● YOUR TASK: What is needed is every line of the data that includes the word "Bathroom". Please copy each one.

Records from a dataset
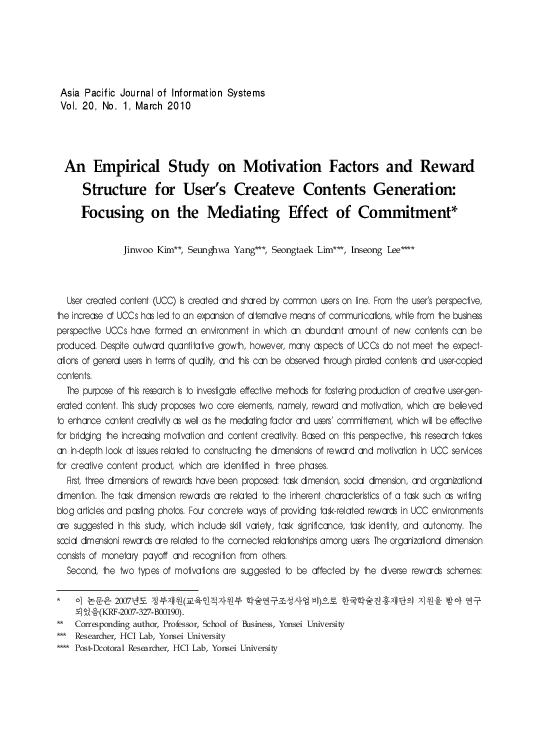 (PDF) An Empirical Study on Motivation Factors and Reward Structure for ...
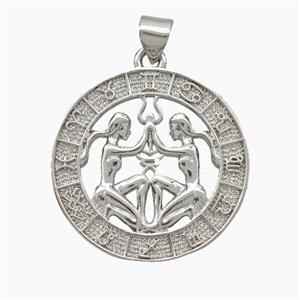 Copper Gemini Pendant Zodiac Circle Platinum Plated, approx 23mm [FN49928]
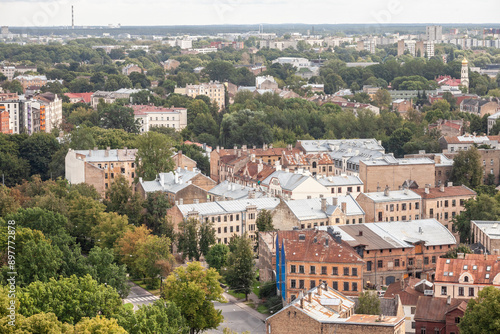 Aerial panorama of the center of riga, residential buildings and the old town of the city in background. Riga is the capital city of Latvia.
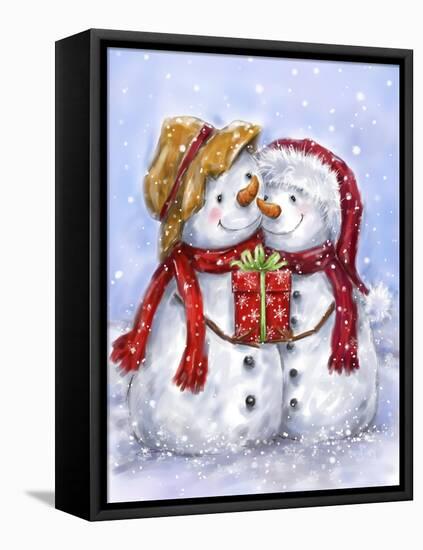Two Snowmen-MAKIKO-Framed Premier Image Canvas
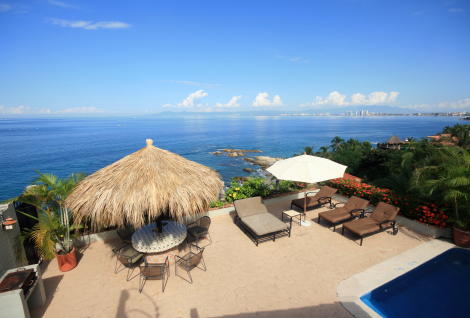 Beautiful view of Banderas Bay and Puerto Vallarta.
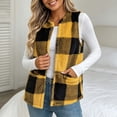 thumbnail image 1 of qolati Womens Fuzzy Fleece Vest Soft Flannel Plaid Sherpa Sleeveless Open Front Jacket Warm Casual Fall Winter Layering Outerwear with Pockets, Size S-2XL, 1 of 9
--
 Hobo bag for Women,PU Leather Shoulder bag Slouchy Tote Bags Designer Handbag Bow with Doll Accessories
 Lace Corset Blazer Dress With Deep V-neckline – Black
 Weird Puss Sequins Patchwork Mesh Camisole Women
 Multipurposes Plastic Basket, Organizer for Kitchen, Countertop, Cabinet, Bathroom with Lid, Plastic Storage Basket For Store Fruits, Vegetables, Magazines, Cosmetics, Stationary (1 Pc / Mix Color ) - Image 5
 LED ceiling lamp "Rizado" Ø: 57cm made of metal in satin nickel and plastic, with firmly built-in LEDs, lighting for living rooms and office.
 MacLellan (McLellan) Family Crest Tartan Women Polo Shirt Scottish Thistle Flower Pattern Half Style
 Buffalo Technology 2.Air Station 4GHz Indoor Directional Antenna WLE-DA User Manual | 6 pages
...
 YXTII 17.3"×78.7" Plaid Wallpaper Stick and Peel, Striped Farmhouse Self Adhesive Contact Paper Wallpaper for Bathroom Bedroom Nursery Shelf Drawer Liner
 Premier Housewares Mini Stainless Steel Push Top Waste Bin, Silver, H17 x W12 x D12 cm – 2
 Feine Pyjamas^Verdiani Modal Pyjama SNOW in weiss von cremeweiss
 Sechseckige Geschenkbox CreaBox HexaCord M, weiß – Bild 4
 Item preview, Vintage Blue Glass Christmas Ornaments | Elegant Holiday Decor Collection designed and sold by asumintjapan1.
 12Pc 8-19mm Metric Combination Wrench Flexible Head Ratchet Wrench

● RESPONSE TO THE TASK:
 Multipurposes Plastic Basket, Organizer for Kitchen, Countertop, Cabinet, Bathroom with Lid, Plastic Storage Basket For Store Fruits, Vegetables, Magazines, Cosmetics, Stationary (1 Pc / Mix Color ) - Image 5
 YXTII 17.3"×78.7" Plaid Wallpaper Stick and Peel, Striped Farmhouse Self Adhesive Contact Paper Wallpaper for Bathroom Bedroom Nursery Shelf Drawer Liner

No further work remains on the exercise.